Section 2.13 Agreement to Register Securities.

(a)       In response to the Ares Request, the Company shall use its commercially reasonable efforts to effect, as promptly as practicable, the registration under the Securities Act pursuant to Section 2.2(e) of this Agreement of the offer and sale (on a delayed or continuous basis under Rule 415 under the Securities Act and any other applicable SEC Guidance) of the shares of Common Stock issuable upon exercise of the Warrants and any other Ares Registrable Securities held by the Ares Parties (the “Ares Subject Securities”), under the Securities Act and applicable state securities laws under a Registration Statement on such form as may be permitted under SEC Guidance (which shall be on Form S-3 or Form S-3ASR, to the extent permitted by SEC Guidance) (the “Ares Registration Statement”). The Company shall use commercially reasonable efforts (i) to file the Ares Registration Statement not later than the close of the seventh Business Day after the due date (or the filing date, if earlier) for the Company’s annual report on Form 10-K for the year ended December 31, 2020, (ii) to cause such Ares Registration Statement to be declared effective as soon as practicable after the filing of the Company’s annual proxy statement in 2021 and (iii) to keep such Ares Registration Statement effective for so long as is necessary to permit the disposition of such Ares Subject Securities.
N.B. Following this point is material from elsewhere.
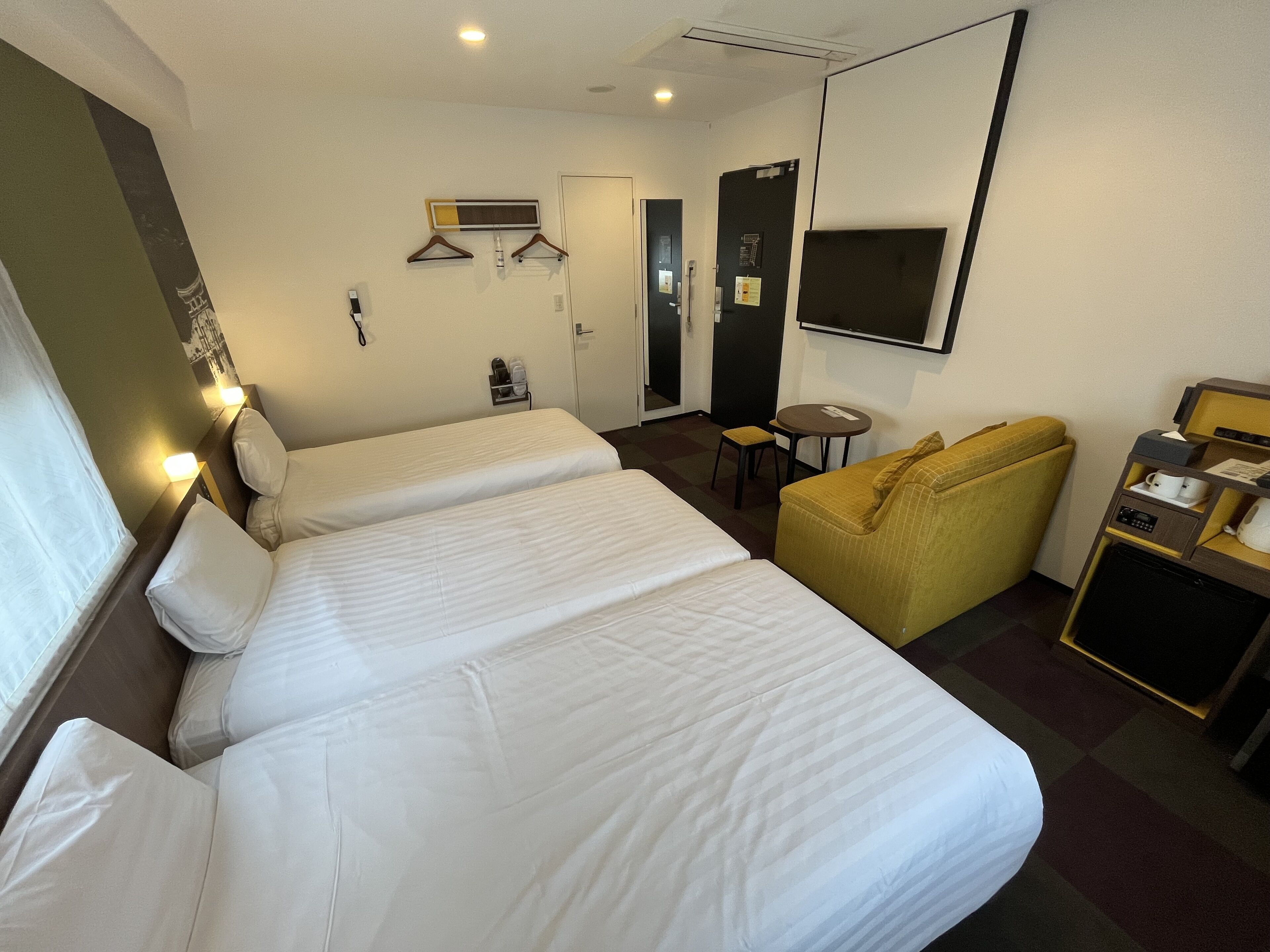 A hotel room with two beds, a sofa, a small table, a TV, and a minibar.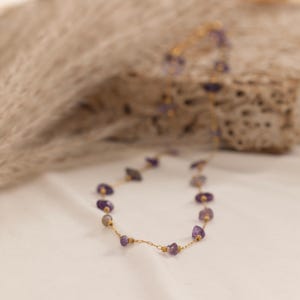 May include: A delicate gold necklace featuring small, irregularly shaped amethyst stones. The necklace is strung on a fine gold chain with small gold beads interspersed between the amethyst stones. The necklace is displayed on a white surface.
The “Plan of Distribution” section of such Ares Registration Statement shall permit, in addition to firm commitment Underwritten Offerings, any other lawful means of disposition of Ares Subject Securities, including Alternative Transactions. Upon the effectiveness of the Ares Registration Statement, the Ares Subject Securities shall be Shelf Registered Securities for purposes of this Agreement.

 

 

 

 

(b)       The Company shall use its commercially reasonable efforts to effect, as promptly as practicable, the registration under the Securities Act pursuant to Section 2.2(e) of this Agreement of the offer and sale (on a delayed or continuous basis under Rule 415 under the Securities Act and any other applicable SEC Guidance) of the shares of Common Stock issuable upon exercise of the Warrants and any other Seller Registrable Securities held by the Oaktree Parties (the “Oaktree Subject Securities”), under the Securities Act and applicable state securities laws under a Registration Statement on such form as may be permitted under SEC Guidance (which shall be on Form S-3 or Form S-3ASR, to the extent permitted by SEC Guidance) (the “Oaktree Registration Statement”). The Company shall use commercially reasonable efforts (i) to file the Oaktree Registration Statement not later than the close of the seventh Business Day after the due date (or the filing date, if earlier) for the Company’s annual report on Form 10-K for the year ended December 31, 2020, (ii) to cause such Oaktree Registration Statement to be declared effective as soon as practicable after the filing of the Company’s annual proxy statement in 2021 and (iii) to keep such Oaktree Registration Statement effective for so long as is necessary to permit the disposition of such Oaktree Subject Securities. The “Plan of Distribution” section of such Oaktree Registration Statement shall permit, in addition to firm commitment Underwritten Offerings, any other lawful means of disposition of Oaktree Subject Securities, including Alternative Transactions. Upon the effectiveness of the Oaktree Registration Statement, the Oaktree Subject Securities shall be Shelf Registered Securities for purposes of this Agreement.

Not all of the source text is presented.